Executive summary: There is little to none reasons still using ADFS for Office 365 logins. Azure AD Premium Plan 1 licensed organizations have little to none reasons still using ADFS for anything. Migrate. Now.
Previously I have been installing high available ADFS farms to almost every customer that had more than few users and wanted single sign on to Office 365. Today, Microsoft has good documentation how to choose authentication for your use. 95% of use cases end up something other than ADFS. My recommendation is always use Password Hash Sync and incorporate it with Pass-through Authentication if strict enforcement of local AD policies is needed. Doing this enables more identity protection features f.ex. stolen passwords could be detected.
What about all the other federations for SaaS applications?
In most of the customer cases I have worked in, ADFS was built because of Office 365 and then more applications got added to it. Using one common identity and authentication source increases security as a user account is more probably closed when employment ends. It will also increase end user satisfaction as they don’t need to remember multiple user names and passwords and will login to all applications automatically.
In most cases you could move those applications to use Azure AD as their authentication source. Creating a new SaaS application that authenticates using SAML needs an Azure AD Premium P1 license. Actual application registration takes no more than two minutes if you have all the details available.
From Azure AD management portal, click Enterprise Applications -> Add an Application -> Non-gallery application and give it a name. The name is displayed in My Apps portal so choose wisely.
If this application is used by everyone in your organization, go to the properties of the newly created application and change “User assignment required” to No. Otherwise you must assign the application to an individual user or group.
Then, in Single sign-on tab, choose to use SAML and you end up with this kind of settings:
Only mandatory settings are Application Identifier and Reply URL. These are something that you find from existing ADFS federation. If there are no special claims used, that’s it. Just save, deliver metadata URL to SaaS provider and enjoy the magic. In this demo I use ADFS Help as application. ADFS Help is a very neat service from Microsoft for debugging all kinds of federated logins etc. In this case, I get a full list of claims provided by federation. This could also be used in complex scenarios for debugging issuing rules.
What are the benefits of doing this?
Single Sign-on from any device that is joined to Azure AD. This also applies to mobile devices if they are Azure AD joined. You can get some of the benefits also by using Seamless SSO, but join devices to Azure AD to get all the joy out of this.
Single point of application access and control. You can use Azure AD not only to define who can access which Office 365 application but also to specify what 3rd party SaaS applications end user can access. End user will have My Apps portal for all the applications they have access to.
Conditional Access polices can also be defined to secure 3rd party SaaS applications. This is something really useful. You can specify that for example Salesforce is usable from trusted devices without any additional authentication but using it from un-managed devices requires multi factor authentication. Read more about Conditional Access from Matti’s post.
Enable users to self change and/or reset their passwords. You can use built-in Azure AD functionality to enable end users to change or reset their passwords. This requires enabling password writeback to the onprem AD.
You can get rid of all the ADFS servers and infrastructure. This might be four servers and load balancer. Azure AD Connect and Pass-through Authentication agents can co-locate with some other servers. Best practice however suggests that servers hosting these services should be treated as tier 0 servers.
Are there any caveats?
There are some limitations if not using onprem ADFS that you need to understand. For example you could not use certificates for logging in to services. Get familiar with Microsoft documentation about choosing the authentication method: https://docs.microsoft.com/en-gb/azure/security/azure-ad-choose-authn.

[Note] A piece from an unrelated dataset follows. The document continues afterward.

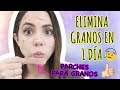 CÓMO QUITAR GRANOS EN 1 DÍA | What The Chic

If you have been using Custom Attribute Store, for example SQL, in ADFS, that is something you don’t have in Azure AD. If your solution requires this, you must use ADFS.
Transformation rules of claims are still better and support more compex transformation in ADFS than Azure AD. If you need to transform claims or create federation chains, ADFS is the way to go.

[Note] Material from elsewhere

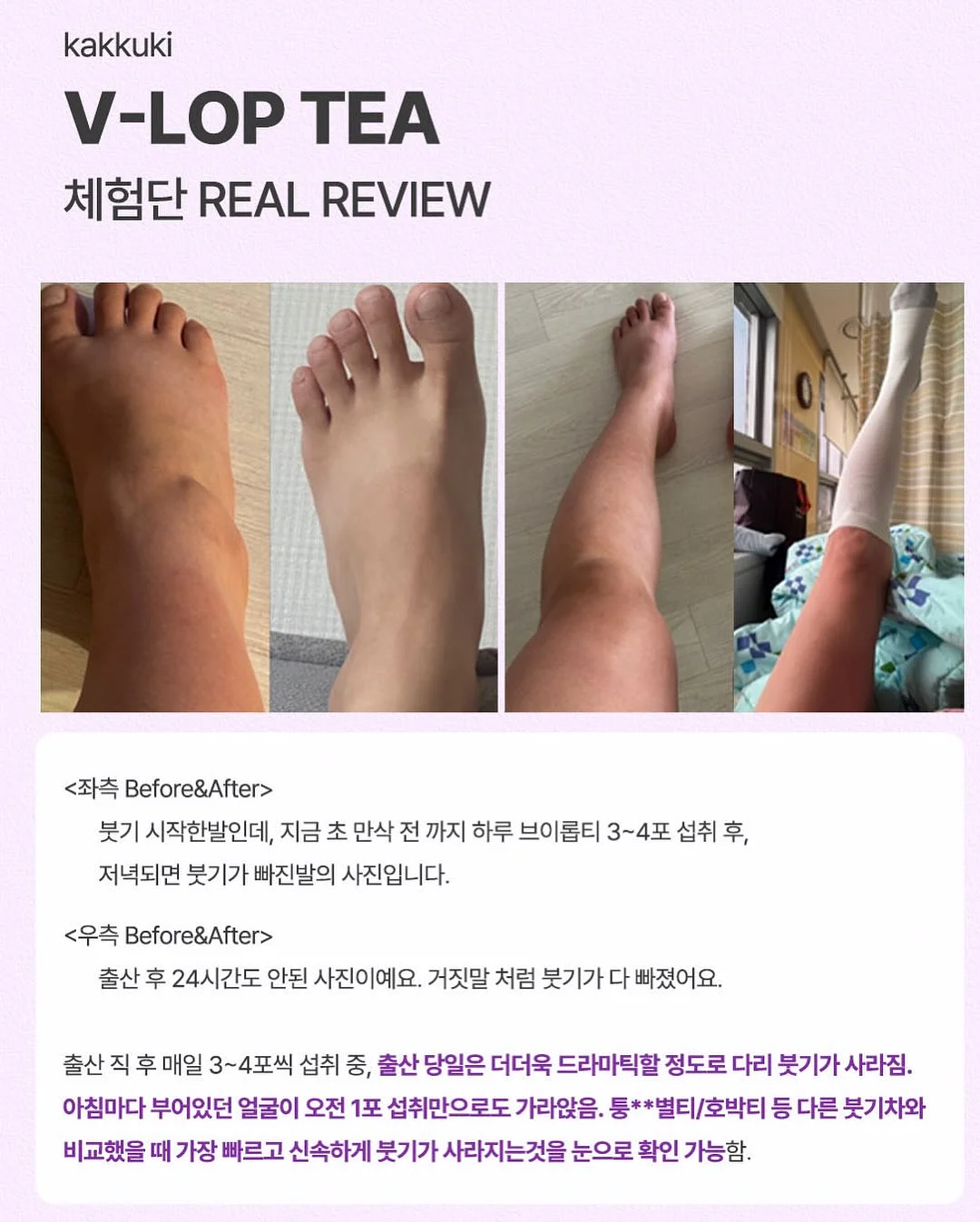 테리나시 셋업 4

Some of the claims are restricted and you could not use Azure AD to send those. If those are needed, ADFS must be used. In many cases this could be overcome using transformation rules in relaying party end. The list of restricted claims is available here.
What about sending group memberships?
I have often heard that you could not send partial set of user’s groups as claims if using Azure AD. This is partially true. You can not customize claim issuance rule to filter memberOf groups based on attribute or other group as you might be doing in ADFS. However, this can be solved in most cases by mapping groups to roles and sending those roles out as claims. In most cases that is actually what is needed. Just add user.assignedroles attribute for issued claims list using the claim name that you need.
Creating new custom roles could be tricky, but it can be accomplished by manipulating the manifest of the application. Read more from: https://docs.microsoft.com/en-us/azure/active-directory/develop/howto-add-app-roles-in-azure-ad-apps
2 Comments
Chu Teik · 13.06.2019 at 08.27
Very good write up, i am looking for Azure hybrid cloud identity that works in tandem with on-premise ADFS
Mika Vilpo · 20.06.2019 at 08.21
Both solutions could exist together and some of my customers have both solutions in place. Using AzureAD as identity source gives you more features for identity protection so you should try to shift as much as possible to AzureAD based.